I'd like the full listing transcribed exactly, with no images included.

> **Provided material**:
◆ ◆ ◆

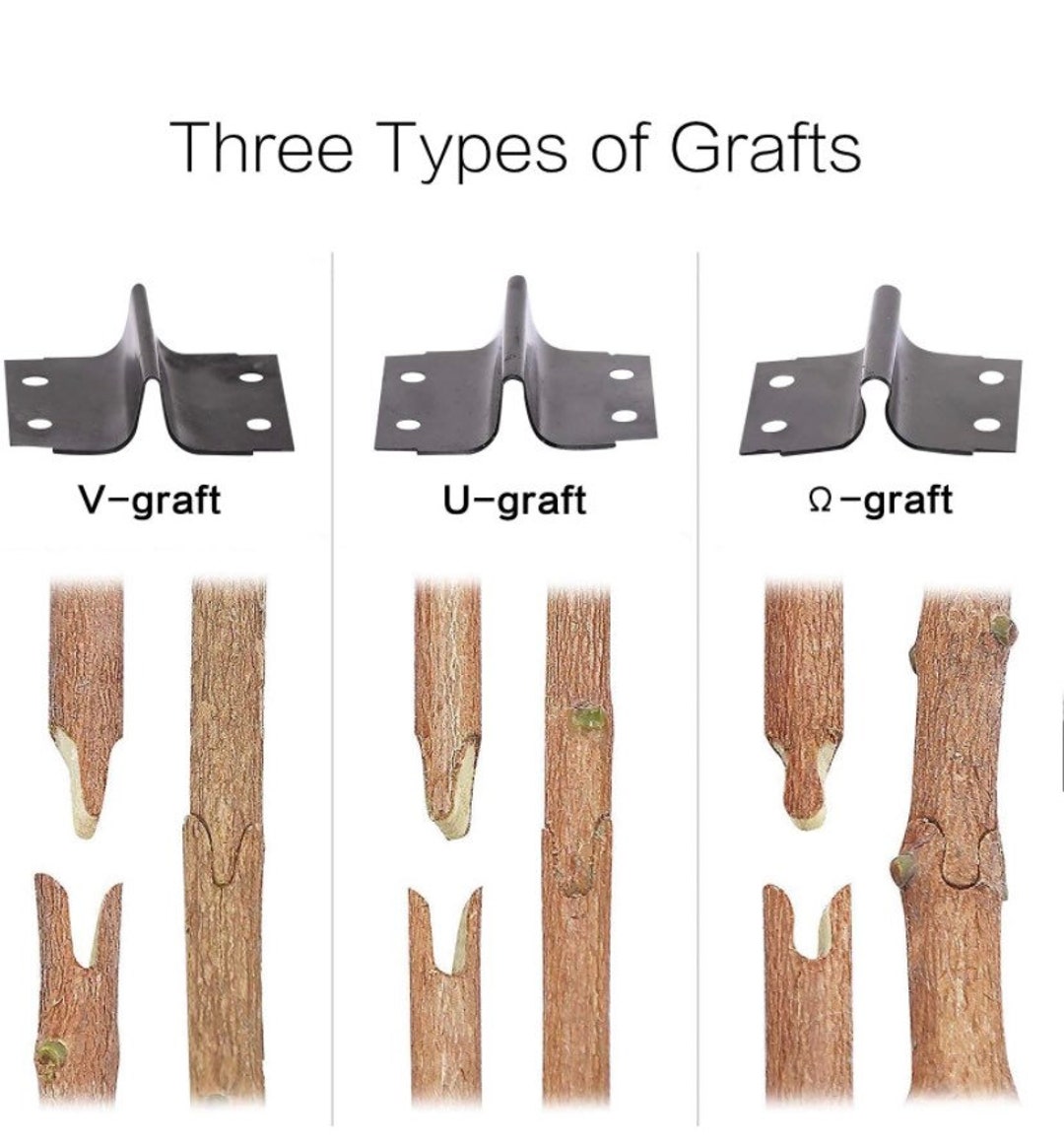 FUNTECK 2in1 Grafting Tools Pruner Kit, Vgraft Omegagraft and U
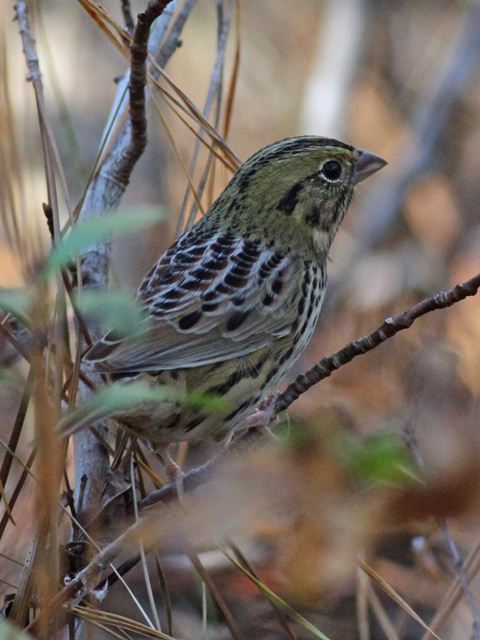Henslow's Sparrow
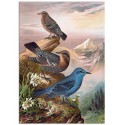 Постер "Botany. Birds"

◆ ◆ ◆

> **Exercise answer**:
 FUNTECK 2in1 Grafting Tools Pruner Kit, Vgraft Omegagraft and U
Henslow's Sparrow
 Постер "Botany. Birds"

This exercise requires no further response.